Die künstlich lauten 1000er und die 600er, deren Glitterlack mit den neuen Kniepackln um die Wette glänzt, können einer Force 400 im engen Kurvengeschlängel nämlich wohl nicht viel entgegensetzen. Da ziehst du auf der Mash stoisch deine Linie durch die Serpentine, während sich die Rotzlöffel im Lastwechseln ergehen. An dir vorbeistechen können sie erst oben, wo es gerade wird. Und die Kieberer immer stehen. Also ist man am Ende nicht nur der Schönere, sondern auch noch ganz elegant Erster.
Tante Jolesch
Doch halt. „Eleganz“ hat es ja nicht zu einem Titel im Lastenheft der Mash geschafft. Die lauten „Eindrahn“, „Aufzagn“, „Bös schauen“ und „Schee herstehen“. Die Force 400 wird also nicht die erste Wahl sein, wenn es darum geht, ein Bike zu finden, für die 14 Tage Urlaub in Griechenland mit Eigenanreise. Weltumrundung ist dann schon wieder was anderes.

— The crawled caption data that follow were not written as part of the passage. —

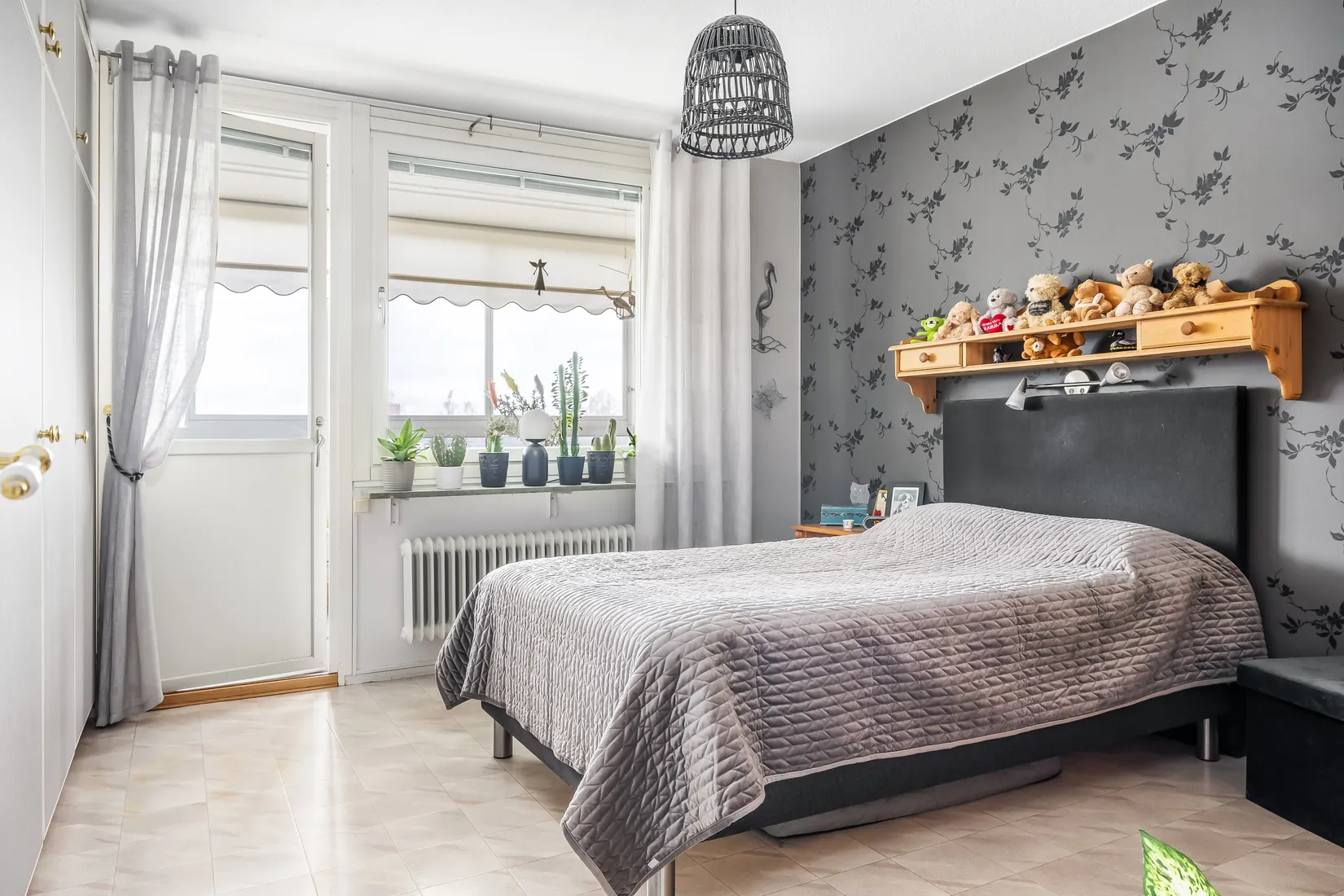 Bostadsrätt, Bandygränd 19, Ektorp, Kaffebacken, Norrköping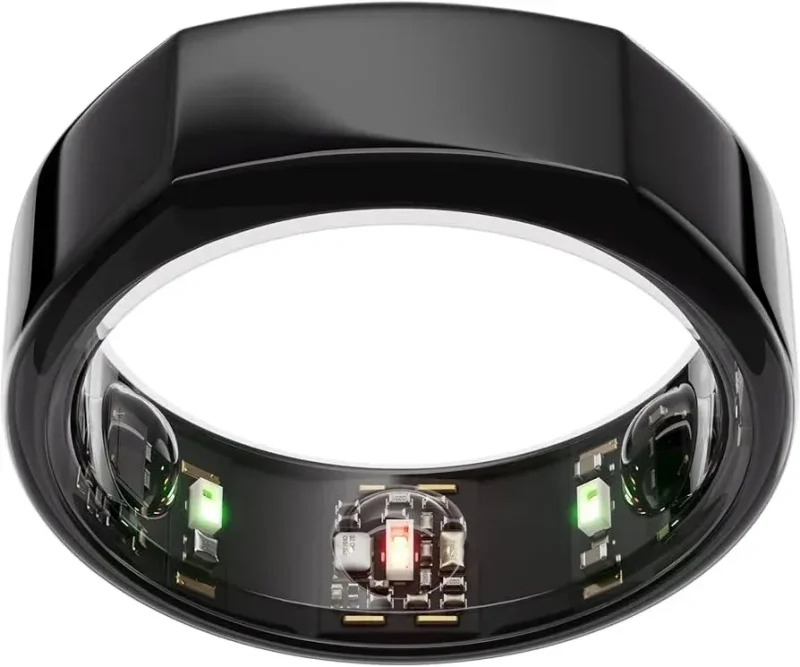 oura ring iznutrice Sajber Sfera IT Vesti, Gaming, Saveti, Vodiči
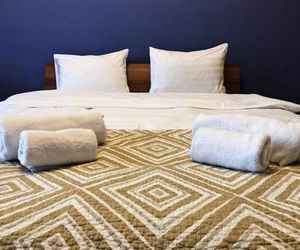Tbilisia Apart Hotel Tbilisi Georgia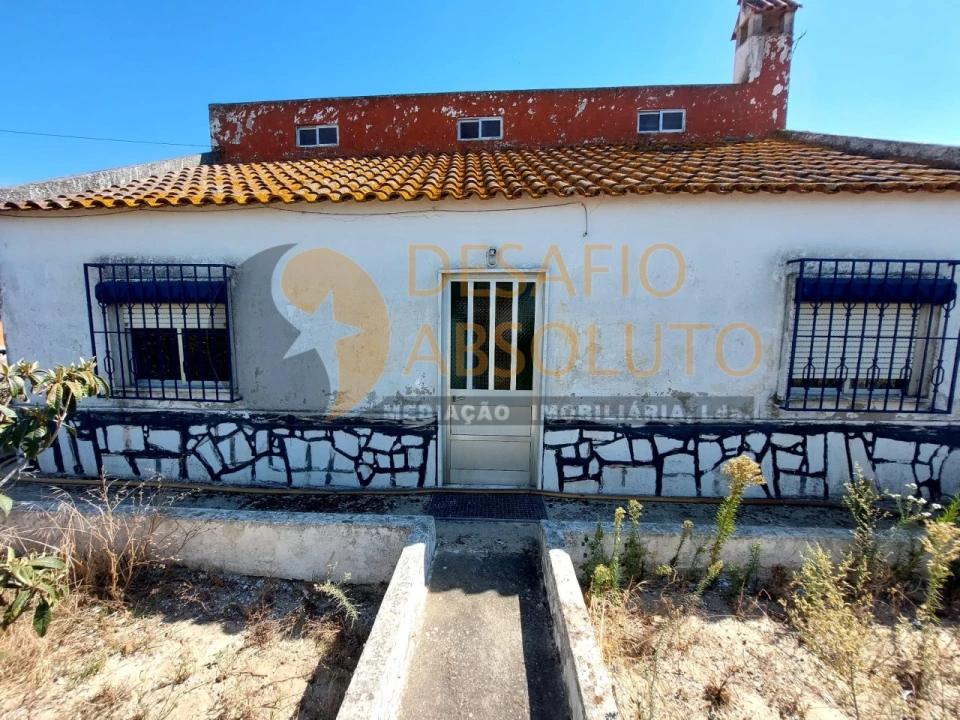 Terreno Agricola ou Rústico para Venda em Quinta do Anjo Foto 26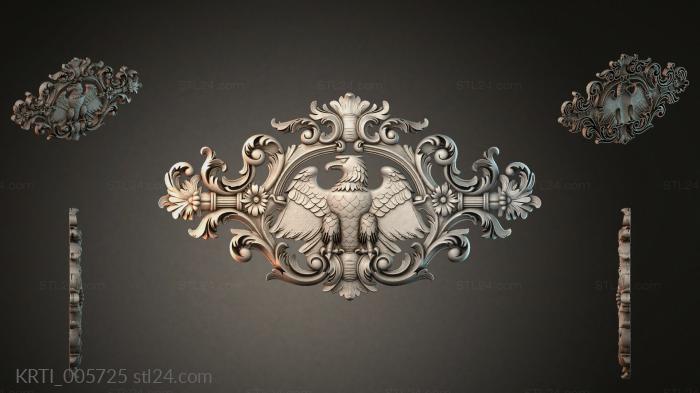 KRTI_005725 3d STL model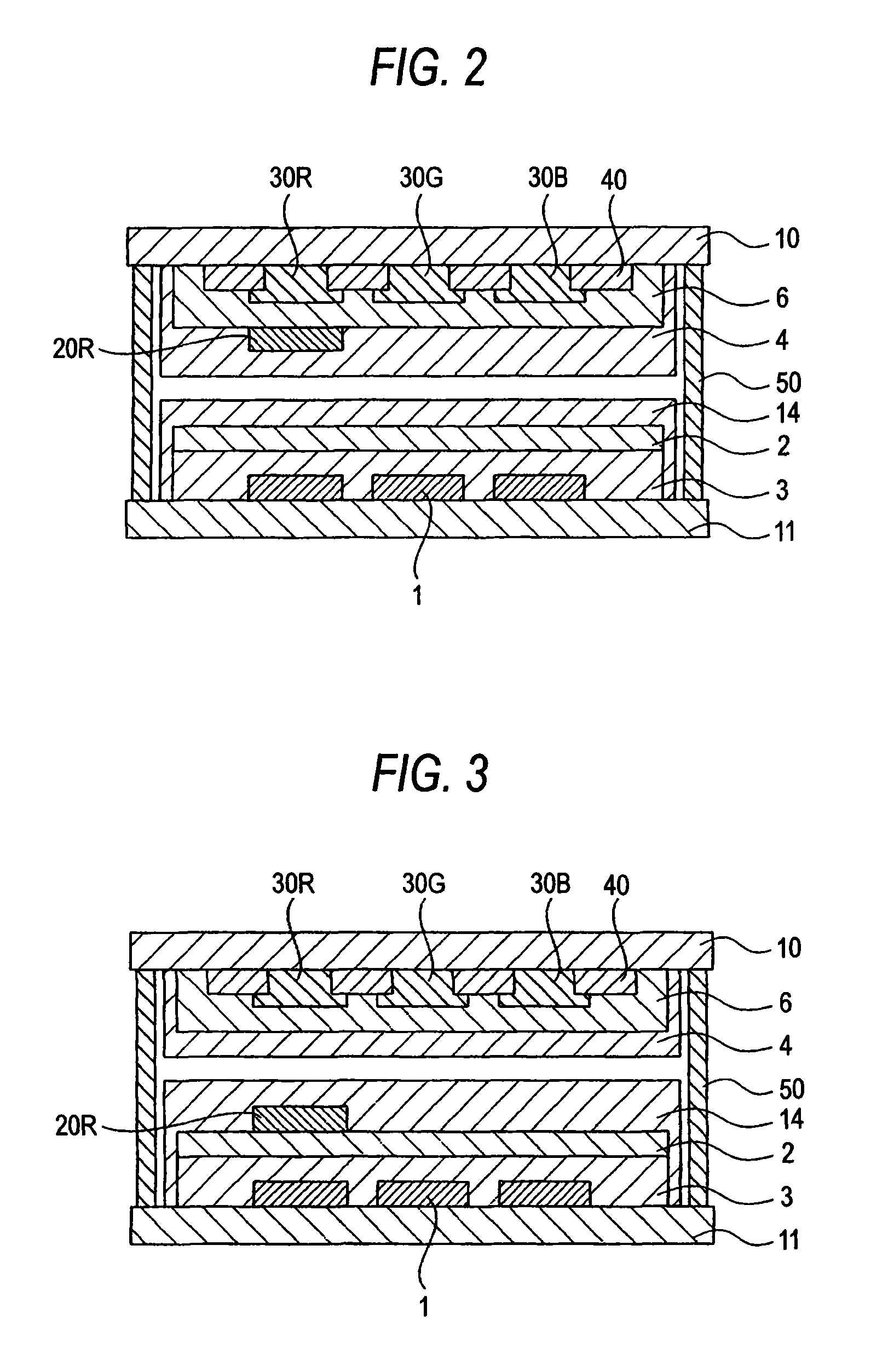 Method of patterning color conversion layer and method of manufacturing organic el display using the patterning method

Die macht sie sicher mit. Ob man mit dem martialischen Eisen aber an jedem Grenzübergang gleich viele Freunde findet, darf man ein wenig bezweifeln. Aber wenn Sie es wie ich, mit der Tante Jolesch halten, die zwar die Menschen mag, aber die Leut nicht aushält, dann ist ja ein wenig nicht angeredet werden eh mehr Glück als Verstand. In das gleiche Horn stößt Mash, weil sie die Force 400 serienmäßig mit nur einem Sitzerl ausliefern. Der Sattel ist übrigens auch noch einmal gefedert. Genau so, wie es früher einmal schick war. Überhaupt findet man viele schön gestaltete Details an diesem Eisen, die einem sicher viele Jahre Freude machen werden. Da muss man dann gar nicht das zweite Sitzerl dazukaufen, das man für eine Handvoll Dollar bekommen würde.
Das war ja früher auch nicht unbedingt Mode, dass man dauernd zu zweit am Bock gehockt ist. Wenn man verliebt war und gemeinsam raus wollte, dann gab es halt keine andere Möglichkeit. Da muss man also schon höllisch aufpassen, mit der Mode. Es kommt schon fast alles wieder. Bis auf die Glocknhosn. Es ist also nicht alles gleich wert, aufgehoben zu werden, nur weil es alt ist. Aber sagen Sie das bitte nicht meiner Frau. Oder der vom Jessner. Weil sonst müssen wir alten Deppen noch zusammenziehen. Und das würden wir unweigerlich in Ihrer Nachbarschaft.